An accelerating gradient larger than 1 GeV/m, can potentially be produced by the Cherenkov Smith-Purcell radiative mechanism in a dielectric capillary with a variable inner radius. When an electron bunch propagates through the capillary, its self-field interacts with the dielectric material and produces wakefields that propagate inside the material at the Cherenkov angle. The wakefields are slowed down below the speed of light, as the relative dielectric permittivity of the material is larger than 1. The radiation is then reflected from the capillary’s metallic boundary and diffracted back into the vacuum region, producing high accelerating fields on the capillary axis with a distinct frequency signature. In presence of a periodic boundary the Smith-Purcell radiation imposes frequency dispersion.

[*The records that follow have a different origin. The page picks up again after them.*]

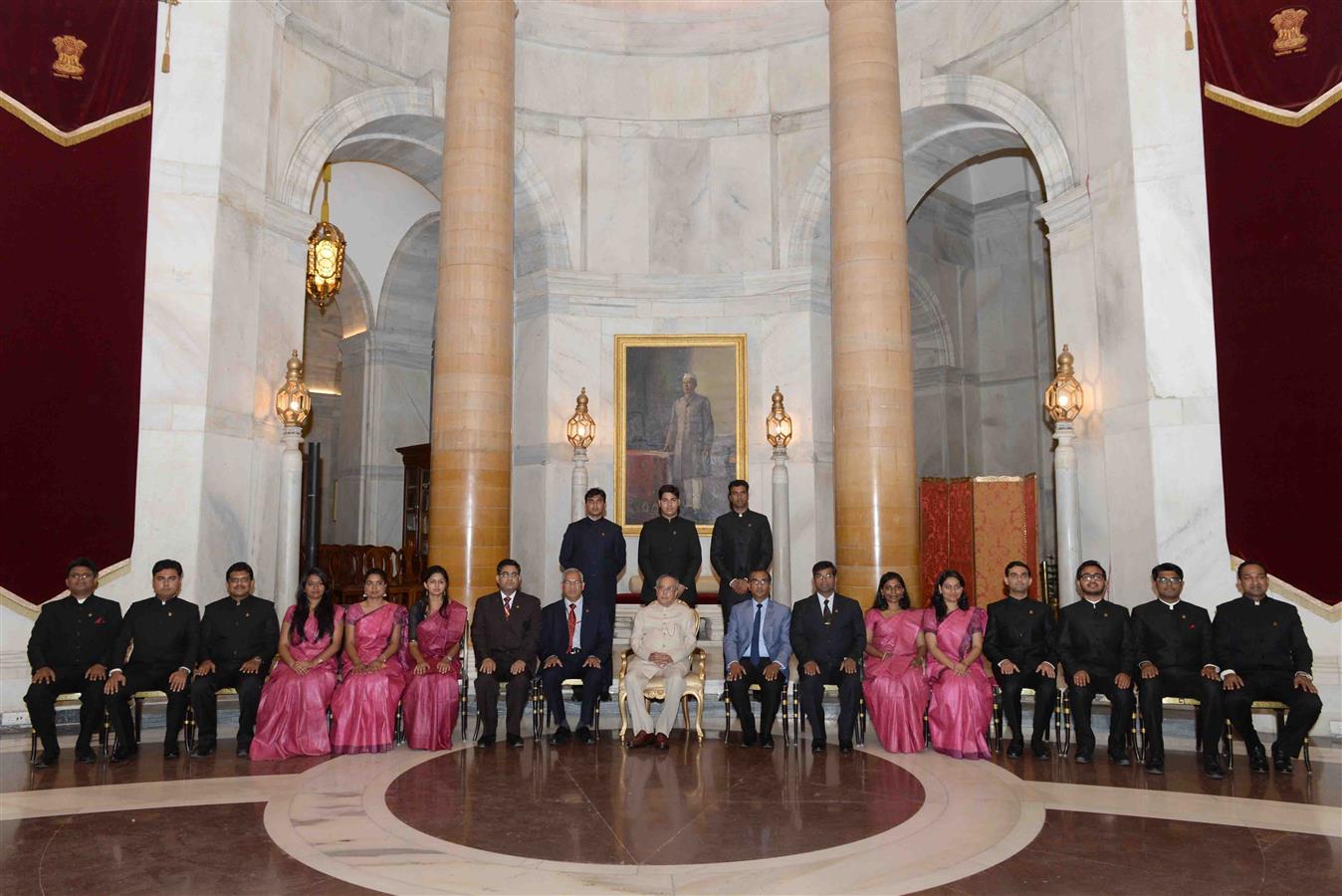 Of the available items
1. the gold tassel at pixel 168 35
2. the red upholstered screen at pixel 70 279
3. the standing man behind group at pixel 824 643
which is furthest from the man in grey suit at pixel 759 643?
the gold tassel at pixel 168 35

A preliminary study with corrugated capillaries has shown some modification to the spectral content and amplitude of the generated wakefields , but the possibility of using Smith-Purcell effect in DWA is still under consideration.
In May 2012, a team of researchers from the Tokyo Institute of Technology published in Electronics Letters that it had set a new record for wireless data transmission by using T-rays and proposed they be used as bandwidth for data transmission in the future. The team's proof of concept device used a resonant tunneling diode (RTD) negative resistance oscillator to produce waves in the terahertz band. With this RTD, the researchers sent a signal at 542 GHz, resulting in a data transfer rate of 3 Gigabits per second. It doubled the record for data transmission rate set the previous November. The study suggested that Wi-Fi using the system would be limited to approximately 10 metres (33 ft), but could allow data transmission at up to 100 Gbit/s. In 2011, Japanese electronic parts maker Rohm and a research team at Osaka University produced a chip capable of transmitting 1.5 Gbit/s using terahertz radiation.
Potential uses exist in high-altitude telecommunications, above altitudes where water vapor causes signal absorption: aircraft to satellite, or satellite to satellite.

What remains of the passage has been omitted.